Sans doute pour sortir du statu quo, le Premier ministre a récemment suggéré une « contraventionnalisation » des consommateurs et une aggravation des peines pour les trafiquants.

Si, a priori, la proposition paraît juste, elle me semble néanmoins hâtive dans la mesure où elle ne répond pas à une question préalable et fondamentale : la consommation régulière de cannabis est-elle anodine ou dangereuse pour la santé ? Autrement dit, le cannabis est-il facteur de cancers ou d'autres maladies ? Est-ce une étape automatique vers la consommation de drogues plus dures ? On n'en sait rien. Jusqu'à ce jour, aucune étude scientifique fiable ne permet de se faire une idée à ce sujet. Une seule évidence : il faut faire la différence entre la consommation « bourgeoise », adulte et occasionnelle, et la consommation de jeunes, de plus en plus jeunes, dépendants du joint et du deal.

Par ailleurs, personne ne remet en cause la dangerosité des conduites à risque (par exemple, conduite de véhicules ou d'engins mécaniques, profession médicale, fonction d'autorité publique, etc.).

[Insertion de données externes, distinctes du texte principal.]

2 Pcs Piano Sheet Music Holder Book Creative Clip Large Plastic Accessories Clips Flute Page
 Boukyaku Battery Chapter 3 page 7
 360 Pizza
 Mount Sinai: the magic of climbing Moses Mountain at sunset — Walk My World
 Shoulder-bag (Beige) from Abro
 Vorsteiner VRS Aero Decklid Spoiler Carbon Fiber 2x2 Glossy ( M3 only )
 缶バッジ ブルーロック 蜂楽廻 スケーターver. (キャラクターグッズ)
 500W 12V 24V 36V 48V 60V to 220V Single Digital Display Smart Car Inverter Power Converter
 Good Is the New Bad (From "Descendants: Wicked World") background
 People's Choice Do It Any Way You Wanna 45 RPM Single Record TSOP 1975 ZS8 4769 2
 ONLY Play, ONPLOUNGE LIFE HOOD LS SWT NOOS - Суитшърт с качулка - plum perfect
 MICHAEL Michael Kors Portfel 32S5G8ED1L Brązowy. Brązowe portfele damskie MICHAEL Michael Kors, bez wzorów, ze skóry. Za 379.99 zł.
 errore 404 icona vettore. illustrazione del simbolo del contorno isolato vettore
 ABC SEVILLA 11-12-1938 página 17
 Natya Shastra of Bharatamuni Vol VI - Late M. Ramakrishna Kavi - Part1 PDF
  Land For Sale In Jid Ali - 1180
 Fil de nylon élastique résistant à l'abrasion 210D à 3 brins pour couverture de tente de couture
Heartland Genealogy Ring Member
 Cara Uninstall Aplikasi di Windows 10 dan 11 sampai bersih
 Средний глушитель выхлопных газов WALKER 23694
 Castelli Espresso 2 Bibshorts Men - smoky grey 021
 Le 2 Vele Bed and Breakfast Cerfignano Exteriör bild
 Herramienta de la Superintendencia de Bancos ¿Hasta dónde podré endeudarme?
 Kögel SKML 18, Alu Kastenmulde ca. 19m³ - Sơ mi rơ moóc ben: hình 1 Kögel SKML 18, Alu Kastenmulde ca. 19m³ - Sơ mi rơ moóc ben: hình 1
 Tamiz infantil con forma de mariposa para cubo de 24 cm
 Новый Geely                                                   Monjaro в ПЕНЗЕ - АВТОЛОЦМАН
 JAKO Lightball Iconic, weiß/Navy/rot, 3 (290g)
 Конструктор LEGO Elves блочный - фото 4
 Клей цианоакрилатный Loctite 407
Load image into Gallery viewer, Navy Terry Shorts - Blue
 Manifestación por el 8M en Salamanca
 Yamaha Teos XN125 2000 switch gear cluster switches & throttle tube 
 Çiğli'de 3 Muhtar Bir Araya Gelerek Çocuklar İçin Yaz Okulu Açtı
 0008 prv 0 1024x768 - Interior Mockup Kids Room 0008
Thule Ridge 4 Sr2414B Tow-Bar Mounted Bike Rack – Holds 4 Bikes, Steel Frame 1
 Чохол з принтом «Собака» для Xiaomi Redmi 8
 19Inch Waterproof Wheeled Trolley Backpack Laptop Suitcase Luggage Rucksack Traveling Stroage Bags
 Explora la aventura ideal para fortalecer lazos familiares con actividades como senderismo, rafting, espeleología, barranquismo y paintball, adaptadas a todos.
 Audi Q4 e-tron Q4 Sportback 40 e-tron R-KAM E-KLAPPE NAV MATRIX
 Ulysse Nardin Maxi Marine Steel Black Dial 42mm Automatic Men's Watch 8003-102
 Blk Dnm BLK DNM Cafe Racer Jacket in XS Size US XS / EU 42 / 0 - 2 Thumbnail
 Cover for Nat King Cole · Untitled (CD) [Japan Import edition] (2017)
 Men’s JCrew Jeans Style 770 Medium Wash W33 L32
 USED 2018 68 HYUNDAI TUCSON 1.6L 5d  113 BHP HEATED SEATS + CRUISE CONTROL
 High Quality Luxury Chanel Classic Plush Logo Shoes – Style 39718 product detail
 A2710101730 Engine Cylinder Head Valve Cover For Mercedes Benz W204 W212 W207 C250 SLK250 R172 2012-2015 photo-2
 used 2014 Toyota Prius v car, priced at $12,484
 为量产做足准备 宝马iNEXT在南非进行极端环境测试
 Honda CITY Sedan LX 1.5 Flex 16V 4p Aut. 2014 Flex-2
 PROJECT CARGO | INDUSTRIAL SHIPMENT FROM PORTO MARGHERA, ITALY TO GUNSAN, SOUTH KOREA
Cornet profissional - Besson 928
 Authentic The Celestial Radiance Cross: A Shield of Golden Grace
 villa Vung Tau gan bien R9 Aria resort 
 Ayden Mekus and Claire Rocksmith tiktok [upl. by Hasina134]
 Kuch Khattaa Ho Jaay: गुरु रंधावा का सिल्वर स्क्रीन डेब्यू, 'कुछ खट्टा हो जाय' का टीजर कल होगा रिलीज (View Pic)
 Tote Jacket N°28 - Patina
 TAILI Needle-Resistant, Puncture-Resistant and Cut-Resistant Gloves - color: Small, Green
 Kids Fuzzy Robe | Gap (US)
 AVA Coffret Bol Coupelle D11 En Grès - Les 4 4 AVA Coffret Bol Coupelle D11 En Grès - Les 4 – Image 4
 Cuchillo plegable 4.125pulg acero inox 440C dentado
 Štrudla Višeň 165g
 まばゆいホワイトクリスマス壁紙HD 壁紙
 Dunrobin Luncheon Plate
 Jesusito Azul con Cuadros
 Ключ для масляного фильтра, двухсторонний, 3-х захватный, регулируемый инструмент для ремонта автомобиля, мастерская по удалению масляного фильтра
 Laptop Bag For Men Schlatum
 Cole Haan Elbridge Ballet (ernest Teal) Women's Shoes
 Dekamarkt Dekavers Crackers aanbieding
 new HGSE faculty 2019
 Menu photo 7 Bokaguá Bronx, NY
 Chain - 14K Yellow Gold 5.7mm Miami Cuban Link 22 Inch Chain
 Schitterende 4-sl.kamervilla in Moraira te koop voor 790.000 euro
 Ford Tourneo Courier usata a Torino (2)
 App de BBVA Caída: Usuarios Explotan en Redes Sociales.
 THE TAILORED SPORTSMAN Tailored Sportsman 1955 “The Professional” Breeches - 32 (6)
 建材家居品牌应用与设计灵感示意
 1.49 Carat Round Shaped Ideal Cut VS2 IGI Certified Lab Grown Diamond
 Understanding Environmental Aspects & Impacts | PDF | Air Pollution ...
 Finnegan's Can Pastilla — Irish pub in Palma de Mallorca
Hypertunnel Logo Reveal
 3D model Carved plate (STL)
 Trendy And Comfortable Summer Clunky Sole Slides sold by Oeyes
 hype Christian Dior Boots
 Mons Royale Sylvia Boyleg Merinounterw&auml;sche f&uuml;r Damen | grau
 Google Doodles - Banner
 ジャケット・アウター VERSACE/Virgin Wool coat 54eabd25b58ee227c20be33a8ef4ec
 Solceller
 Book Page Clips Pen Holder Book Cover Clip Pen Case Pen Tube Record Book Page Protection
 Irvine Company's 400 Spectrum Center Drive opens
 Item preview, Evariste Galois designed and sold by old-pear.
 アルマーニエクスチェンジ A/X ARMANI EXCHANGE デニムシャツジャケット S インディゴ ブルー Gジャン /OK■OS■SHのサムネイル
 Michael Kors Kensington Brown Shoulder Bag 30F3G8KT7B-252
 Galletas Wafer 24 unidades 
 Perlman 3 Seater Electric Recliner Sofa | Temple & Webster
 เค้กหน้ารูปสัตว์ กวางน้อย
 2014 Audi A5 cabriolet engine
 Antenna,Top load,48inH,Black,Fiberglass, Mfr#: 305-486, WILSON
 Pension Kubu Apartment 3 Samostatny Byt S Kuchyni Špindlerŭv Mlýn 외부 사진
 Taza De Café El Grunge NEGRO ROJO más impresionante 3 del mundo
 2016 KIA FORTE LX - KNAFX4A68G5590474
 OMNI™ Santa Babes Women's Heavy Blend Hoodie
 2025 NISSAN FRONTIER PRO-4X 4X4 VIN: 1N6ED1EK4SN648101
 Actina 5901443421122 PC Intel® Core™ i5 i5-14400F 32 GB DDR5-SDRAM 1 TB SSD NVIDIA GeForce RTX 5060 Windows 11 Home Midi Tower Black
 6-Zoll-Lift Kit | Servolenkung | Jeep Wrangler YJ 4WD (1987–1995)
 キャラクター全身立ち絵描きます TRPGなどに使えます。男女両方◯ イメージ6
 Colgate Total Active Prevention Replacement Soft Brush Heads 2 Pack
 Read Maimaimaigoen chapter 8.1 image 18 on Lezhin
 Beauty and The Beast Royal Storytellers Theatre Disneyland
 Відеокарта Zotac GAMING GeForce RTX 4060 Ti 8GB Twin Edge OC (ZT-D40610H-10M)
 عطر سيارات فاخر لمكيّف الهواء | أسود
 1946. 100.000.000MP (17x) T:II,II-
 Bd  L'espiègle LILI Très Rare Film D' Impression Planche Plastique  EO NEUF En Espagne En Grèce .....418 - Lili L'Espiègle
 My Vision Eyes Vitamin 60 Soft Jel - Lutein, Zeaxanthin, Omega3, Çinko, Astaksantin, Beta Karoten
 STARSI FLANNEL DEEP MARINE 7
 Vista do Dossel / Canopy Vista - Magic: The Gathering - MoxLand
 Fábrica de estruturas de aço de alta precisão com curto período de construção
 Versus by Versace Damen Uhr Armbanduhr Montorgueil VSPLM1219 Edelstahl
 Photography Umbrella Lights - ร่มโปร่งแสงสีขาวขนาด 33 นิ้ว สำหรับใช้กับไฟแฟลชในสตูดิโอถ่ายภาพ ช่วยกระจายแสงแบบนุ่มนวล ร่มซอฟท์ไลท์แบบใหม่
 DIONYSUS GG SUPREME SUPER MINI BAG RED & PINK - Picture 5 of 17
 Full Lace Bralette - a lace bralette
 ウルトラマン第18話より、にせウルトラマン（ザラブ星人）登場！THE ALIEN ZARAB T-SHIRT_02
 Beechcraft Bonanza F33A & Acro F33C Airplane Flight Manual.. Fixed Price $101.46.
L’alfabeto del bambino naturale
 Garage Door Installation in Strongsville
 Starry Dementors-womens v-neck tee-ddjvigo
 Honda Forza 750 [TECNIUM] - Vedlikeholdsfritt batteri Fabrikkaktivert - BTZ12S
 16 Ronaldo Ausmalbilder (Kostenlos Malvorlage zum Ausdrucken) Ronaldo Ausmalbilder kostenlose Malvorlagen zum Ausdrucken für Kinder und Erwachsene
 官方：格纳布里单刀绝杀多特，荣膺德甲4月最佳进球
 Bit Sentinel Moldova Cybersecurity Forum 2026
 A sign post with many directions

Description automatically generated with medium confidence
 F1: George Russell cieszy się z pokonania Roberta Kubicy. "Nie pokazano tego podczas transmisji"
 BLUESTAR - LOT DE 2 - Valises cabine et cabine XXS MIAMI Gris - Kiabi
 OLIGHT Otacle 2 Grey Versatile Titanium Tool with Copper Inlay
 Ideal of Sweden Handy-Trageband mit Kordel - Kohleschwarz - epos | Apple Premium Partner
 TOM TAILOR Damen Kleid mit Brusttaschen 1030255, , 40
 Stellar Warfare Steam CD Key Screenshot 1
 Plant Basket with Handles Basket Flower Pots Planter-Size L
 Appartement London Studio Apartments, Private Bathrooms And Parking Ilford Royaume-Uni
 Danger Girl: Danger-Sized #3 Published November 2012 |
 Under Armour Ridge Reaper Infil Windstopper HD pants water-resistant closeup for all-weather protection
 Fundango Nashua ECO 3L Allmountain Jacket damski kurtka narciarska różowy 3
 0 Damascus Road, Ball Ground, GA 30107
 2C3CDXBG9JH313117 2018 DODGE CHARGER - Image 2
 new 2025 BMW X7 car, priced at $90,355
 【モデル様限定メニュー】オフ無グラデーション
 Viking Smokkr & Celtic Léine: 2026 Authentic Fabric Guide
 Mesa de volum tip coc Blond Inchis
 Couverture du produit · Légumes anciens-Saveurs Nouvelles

Il est donc urgent que les chercheurs et les médecins éclairent l'opinion et les autorités publiques sur le risque réel pour la santé des consommateurs.

Cette question n'est pas anodine. En effet, s'il est avéré que la consommation occasionnelle de cannabis n'est pas plus dangereuse que celle du tabac ou de l'alcool, il faut avoir le courage de sortir vraiment du statu quo et de mettre en œuvre, au moins à court terme, quatre dispositions qui permettront de régler le problème que la loi actuelle ne règle pas :

1 ­ Encadrer et contrôler la production ou l'importation ;
2 ­ Autoriser la consommation pour tenir compte de la banalisation, à l'exception des mineurs de moins de 16 ans ;
3 ­ Contraventionnaliser et pénaliser la conduite à risque comme pour l'alcool ;
4 ­ Durcir la pénalisation et les sanctions pour les trafiquants, du simple deal au gros trafic, de façon proportionnée et graduelle.

Bien sûr, cette clarification n'aurait de sens que si l'éducation des jeunes, l'information préventive et dissuasive, faisait l'objet de campagnes puissantes pour être efficace.

Quoi qu'il en soit, l'objectif des politiques publiques étant le recul de toutes les consommations, il faudra bien, à plus long terme, que la priorité soit donnée à la lutte contre la production, c'est-à-dire l'offre au plan international. C'est donc la question des rapports avec les grandes puissances et leurs lobbies qui est posée, lesquels laissent la production de cannabis et autres plantes hallucinogènes se développer au détriment de productions agricoles jugées trop coûteuses.

Un grand débat doit être ouvert sur tous ces sujets, sans démagogie, afin de susciter des réponses innovantes et courageuses. En tout cas, une chose est sûre, il ne suffira pas d'une loi d'affichage. Elle donnerait sans doute bonne conscience aux politiques, mais elle ne suffirait pas pour résorber le phénomène.

Sur des sujets aussi difficiles, personne ne peut avoir la prétention de donner des leçons, comme cela arrive trop souvent entre la droite et la gauche.

Cependant, je considère que ce n'est pas en laissant se développer l'ultralibéralisme économique et sociétal, voire libertaire, que nous réglerons le problème.

Si nous voulons y parvenir, il faut retrouver le chemin d'une société de l'éducation, de la règle et de la solidarité qui soit fondée sur des valeurs partagées, autrement dit que nous restaurions le pacte républicain.